* _TASK DETAILS_
Leaving out every picture, transcribe the lines from the line that contains "Gelco P55 H Foto 1" to the end of the entries below, both ends included.

* _GIVEN RECORDS_
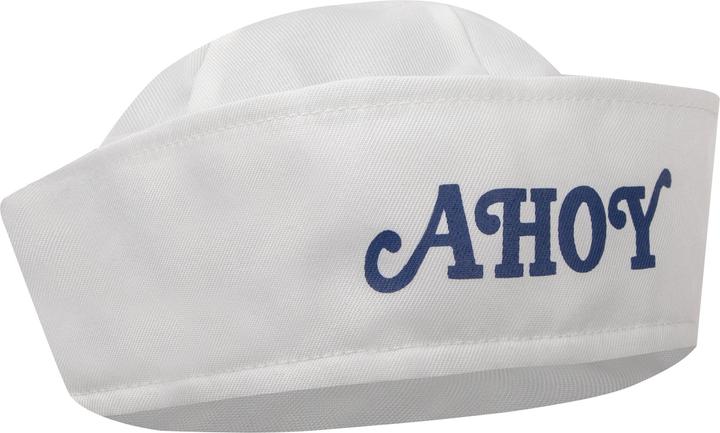 Actual product image Cinereplicas Stranger Things: Ice cream sundae with sailor's cap (1 x)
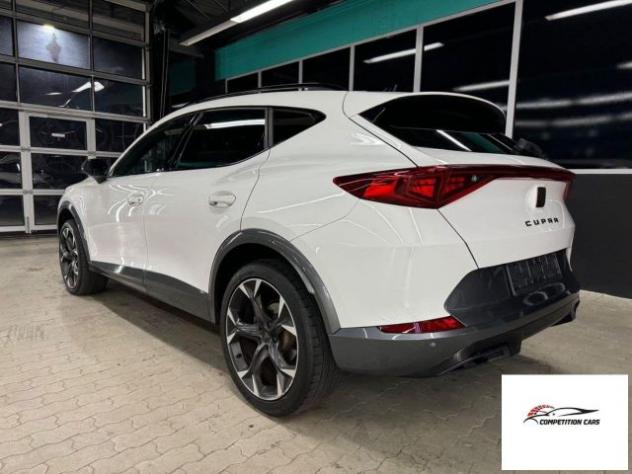 CUPRA Formentor 1.5 TSI DSG 150CV*LED+CARPLAY+VIRTUAL+SPORTPAKET* rif. 22596999 - Foto 6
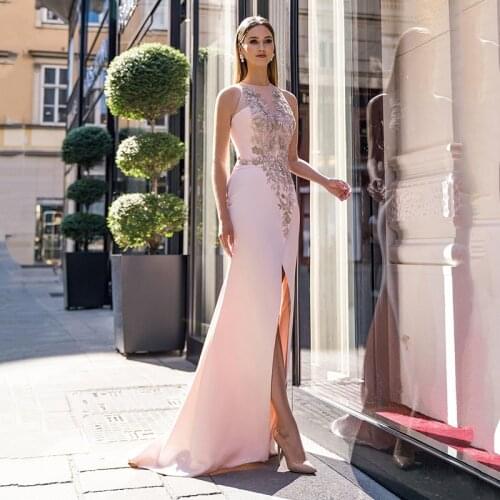 UZN Wedding And Evening Dresses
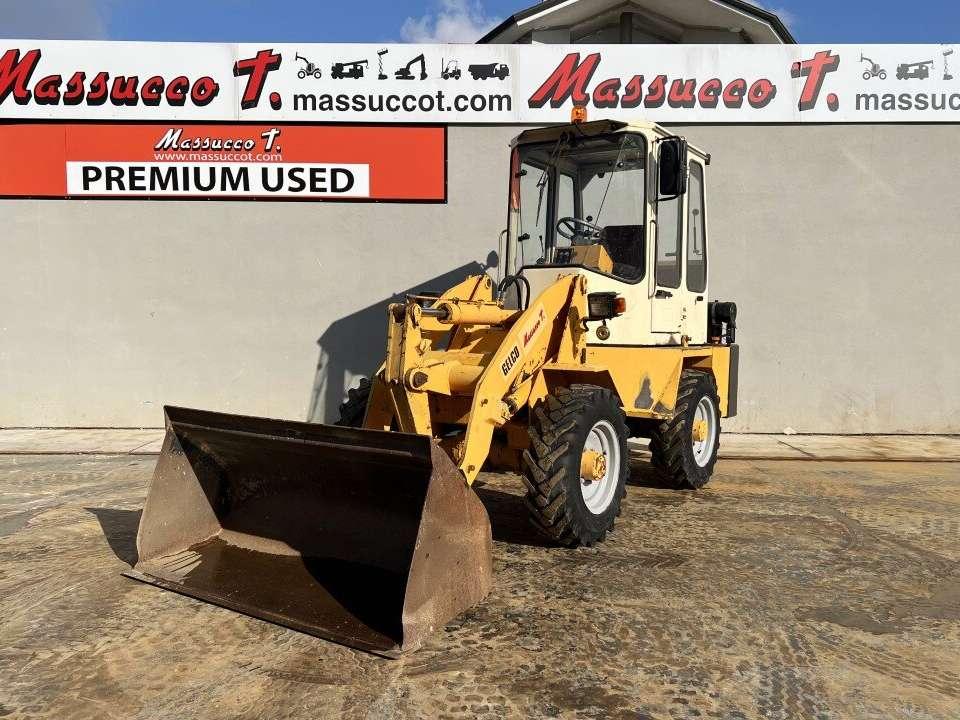 Gelco P55 H Foto 1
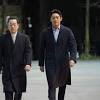 『相棒』反町隆史と水谷豊の7年間を振り返る “右京一強スタイル”を ...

* _ANSWER TO THIS PROBLEM_
 Gelco P55 H Foto 1
 『相棒』反町隆史と水谷豊の7年間を振り返る “右京一強スタイル”を ...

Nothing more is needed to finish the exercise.